Op een dag arriveert een onrustige jongeman aan de herberg. Hij geeft Carlo een stuk van één frank. Even later wendt hij zich tot Geronimo en zegt hem zich niet te laten bedriegen door zijn begeleider, want hij heeft die zopas een stuk van twintig frank gegeven.

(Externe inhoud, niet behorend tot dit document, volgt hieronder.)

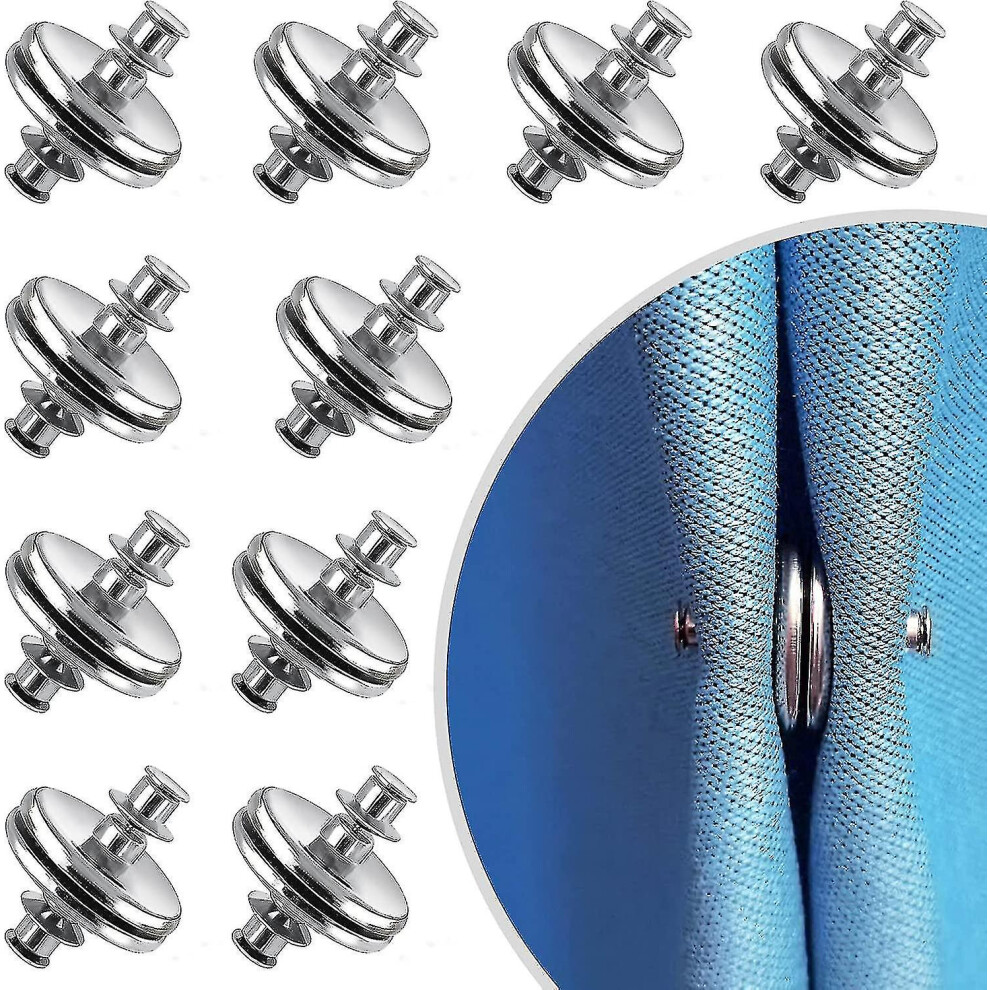 10pcs Curtain Magnets Closure, Curtain Weights Magnets with Back Tack, Prevent Lights From Leaking Button20mm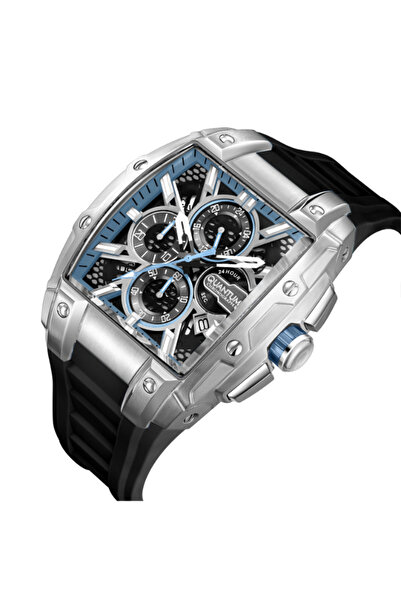 Quantum Men's Chronograph Grey Dial Watch - HNG1161.366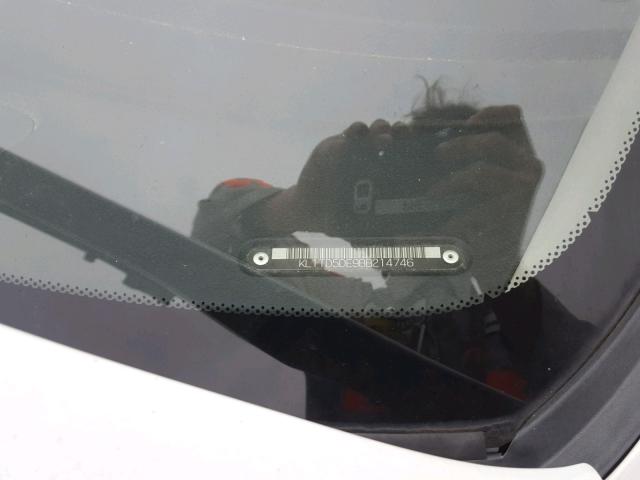 KL1TD5DE9BB214746 - 2011 CHEVROLET AVEO LS WHITE photo 10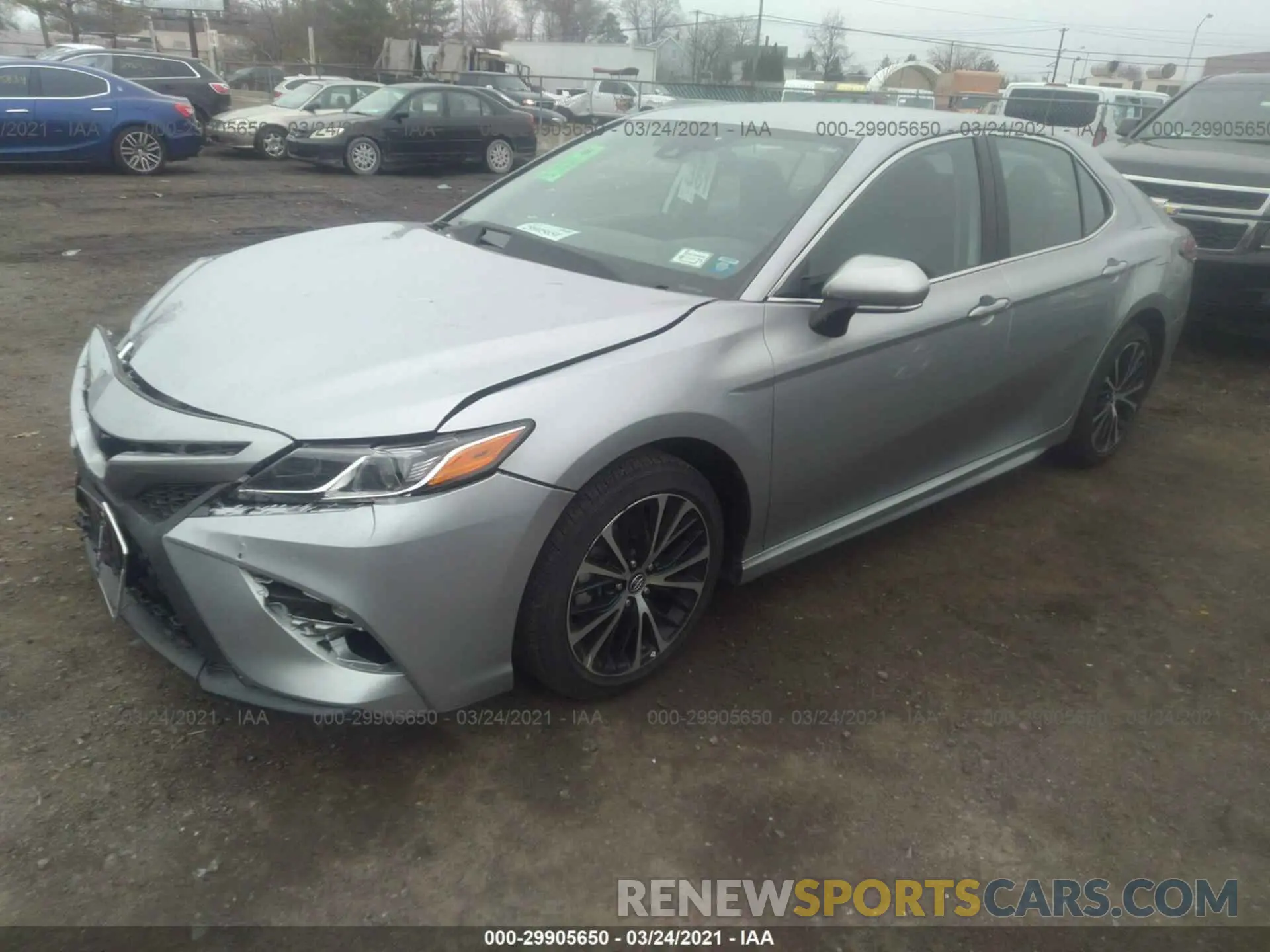 2 Photograph of a damaged car 4T1B11HK5KU280667 TOYOTA CAMRY 2019
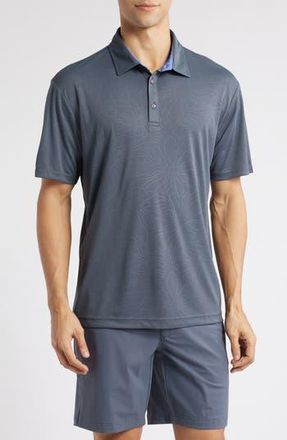 Swannies Meadow Floral Golf Polo in Graphite at Nordstrom Rack, Size Xx-Large
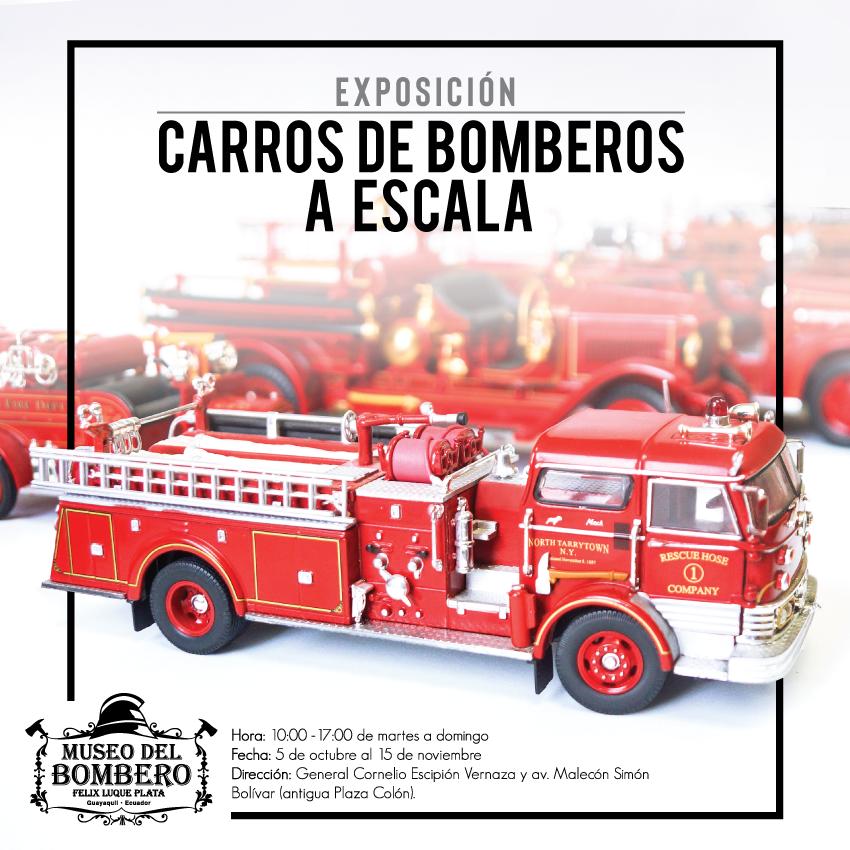 Bomberos Guayaquil on Twitter: "Conoce la de carros de bomberos a escala que se expondrán en el Museo de @BomberosGYE. Ven con toda tu familia y disfruta de un fascinante recorrido.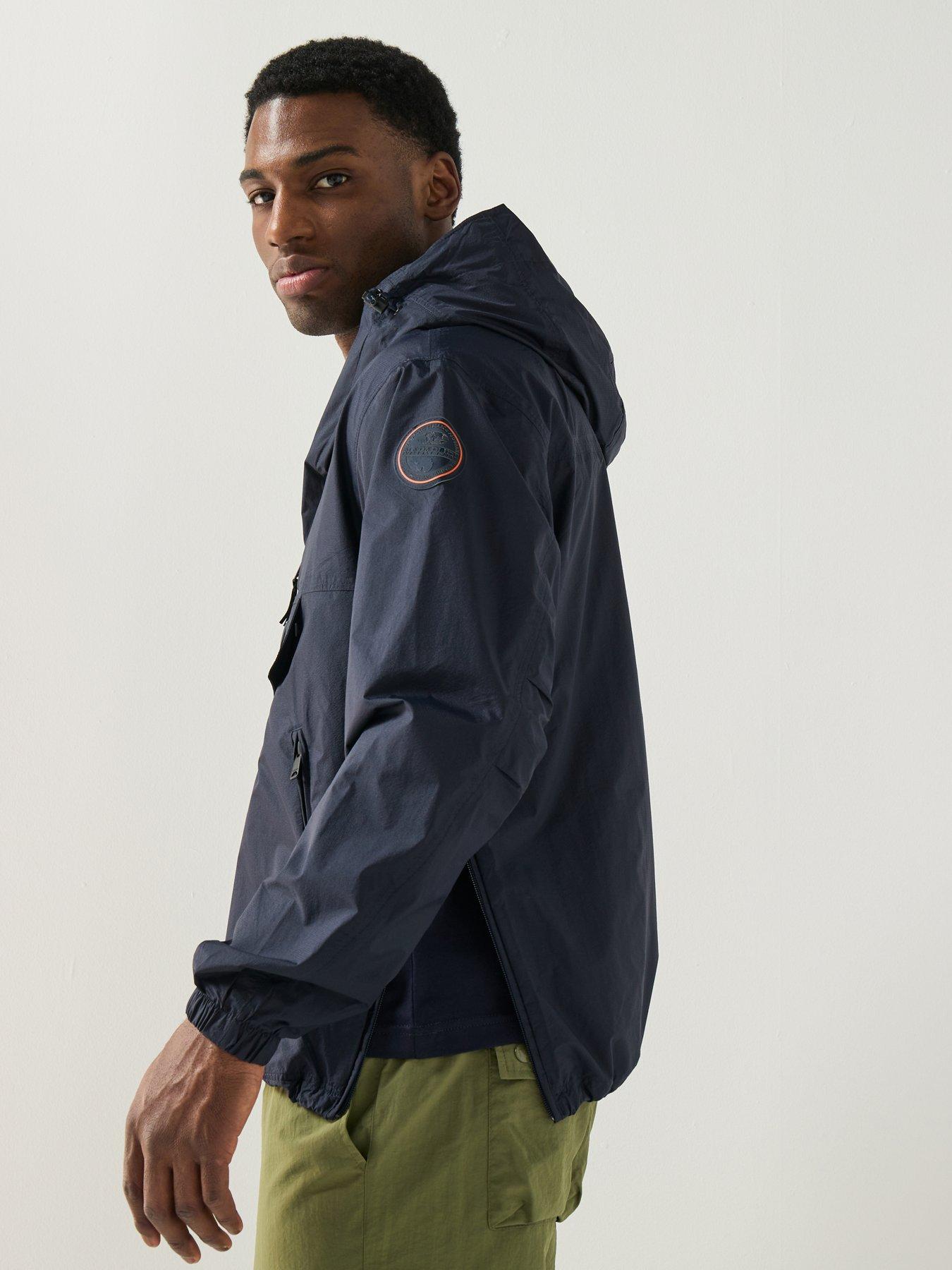  image of napapijri-mens-next-raincoat-blue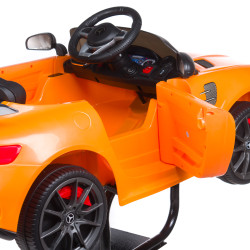 Vaikiška kirpimo kėdė-automobilis Mercedes BCH-620 (Oranžinė)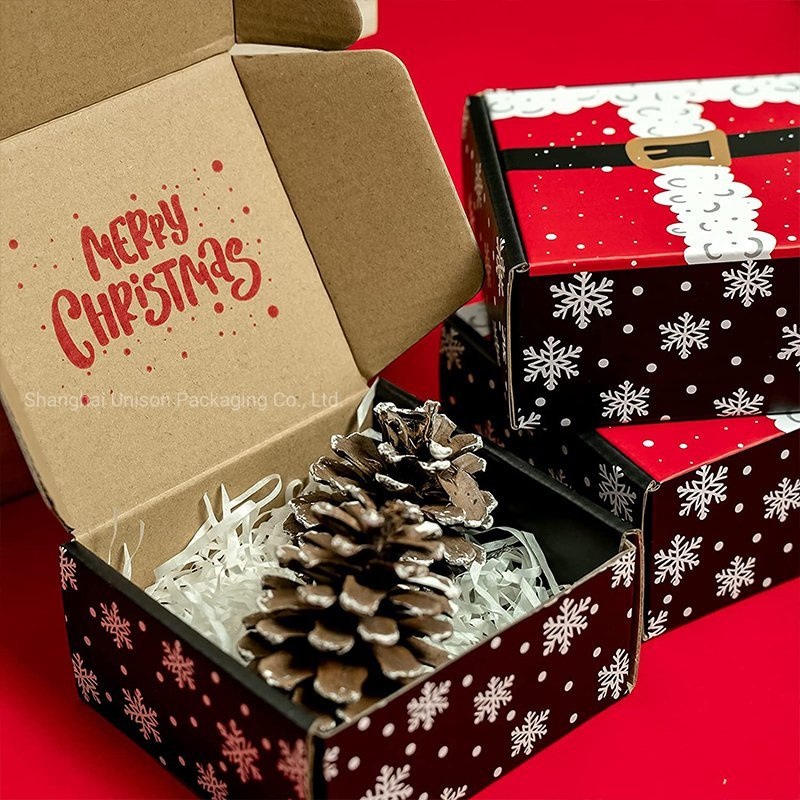 Custom christmas Style Four Color Printing Tuck Top Corrugated Box – Food Box and Shopping Box price
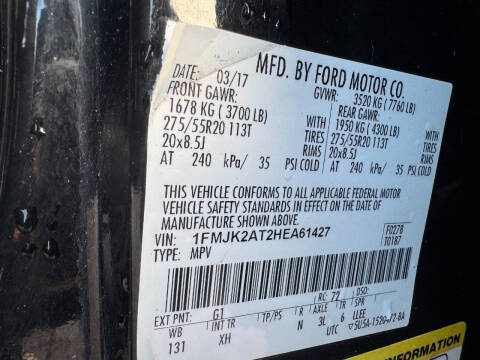 2017 Ford Expedition EL Limited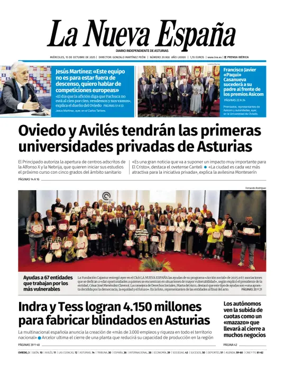 Cover of La Nueva España (Oviedo)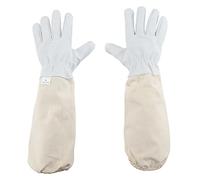 KINGLAKE gants d'apiculture en peau de chèvre avec poignets élastiques et respirants, gant apiculteur convient aux hommes et aux femmes, taille L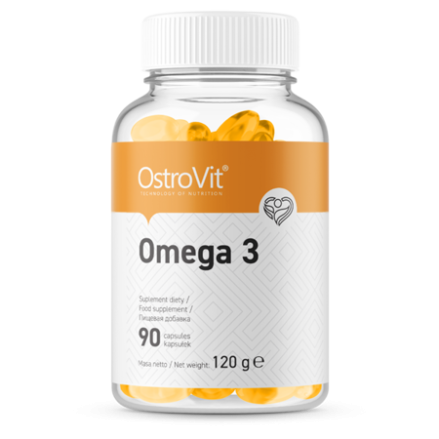 Omega 3 1000mg 90 Capsule, OstroVit Beneficiile Omega 3 ulei de peste: ofera un raport de 3:2 bazat pe dovezi de EPA:DHA, promov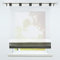 SCHOAL Raffrollo mit Schlaufen Transparente Raffgardine Schlaufenrollo Gardinen Modern Voile 1 Stück BxH 60x155cm Grau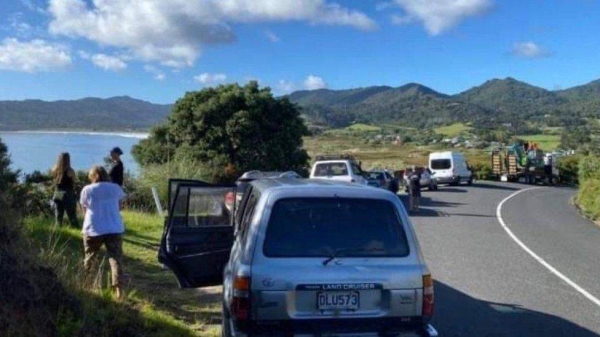 The 8.1-magnitude quake was the third to strike the area on Friday morning local time, according to the New Zealand National Emergency Management Agency. — Courtesy photo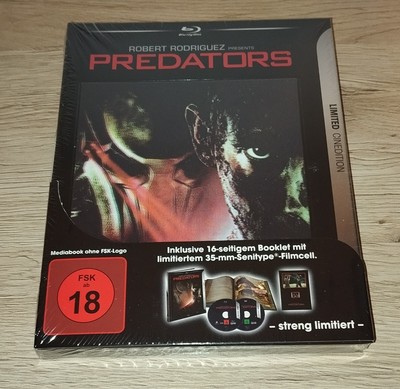 PREDATORS Robert Rodriguez LIMITED CINEDITION - Mediabook Blu-ray OVP OOP FSK18 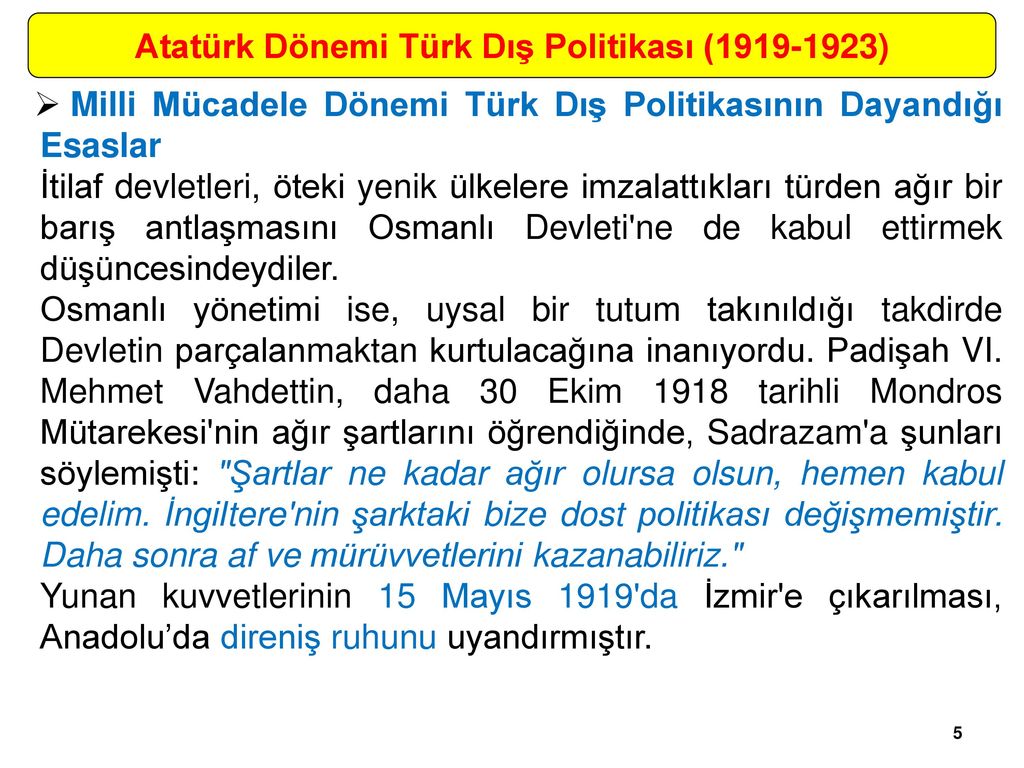 ATATÜRK İLKELERİ VE İNKILÂP TARİHİ II - Ppt Indir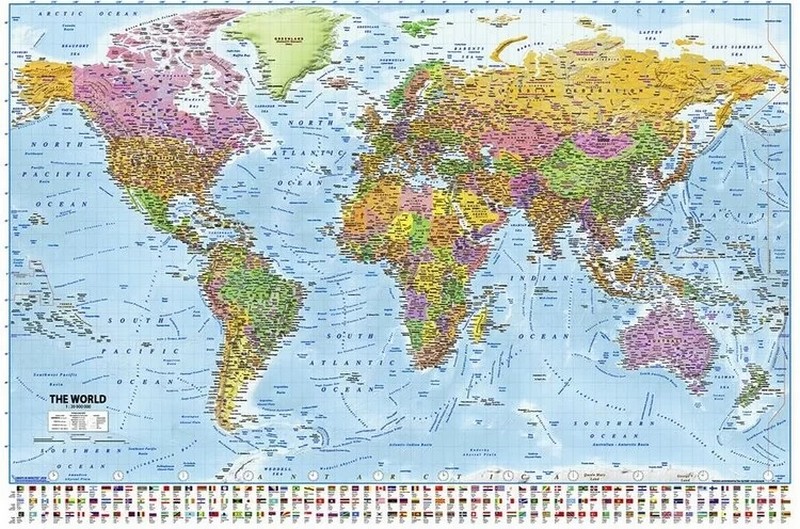 World Map (Poster)
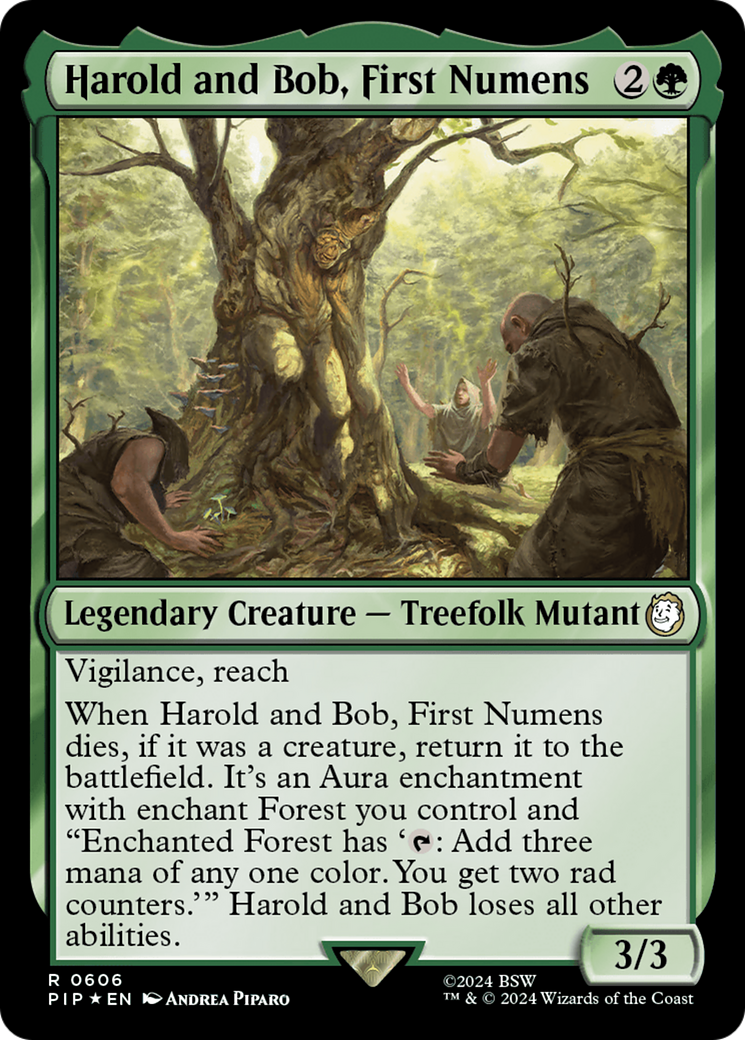 Harold and Bob, First Numens (Extended Art) (Surge Foil) [Fallout] | Odin's Place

Als Geronimo Carlo daarover aanspreekt, zegt deze enkel een stuk van één frank te hebben ontvangen. Geronimo gelooft hem niet en van dan af wantrouwt hij zijn broer die hij ervan verdenkt hem altijd al te hebben bedrogen. Carlo kan hem niet overtuigen. Ten einde raad besluit hij enkele reizigers te beroven. Na de diefstal trekken de broers vliegensvlug naar het zuiden. Carlo verzint een smoes en toont zijn broer het geldstuk. Deze blijft er echter van overtuigd dat zijn broer hem heeft voorgelogen.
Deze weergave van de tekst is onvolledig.